▶ _WHAT TO PRODUCE_: Set out exactly every line of the entries below, starting at the line that holds "Interactive Cat Rolling Ball Toy" and stopping after the line that holds "Conjunto de ícones".

▶ _PROVIDED DATA_:
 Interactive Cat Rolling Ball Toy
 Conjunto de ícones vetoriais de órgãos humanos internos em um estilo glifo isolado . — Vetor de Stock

...

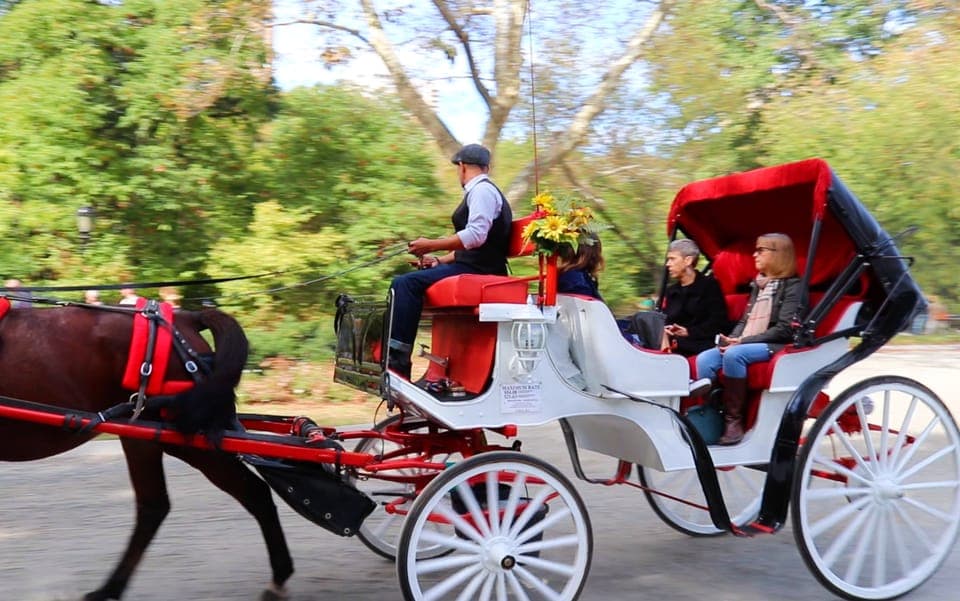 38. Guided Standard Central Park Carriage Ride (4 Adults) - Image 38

▶ _ANSWER SECTION_:
 Interactive Cat Rolling Ball Toy
 Conjunto de ícones vetoriais de órgãos humanos internos em um estilo glifo isolado . — Vetor de Stock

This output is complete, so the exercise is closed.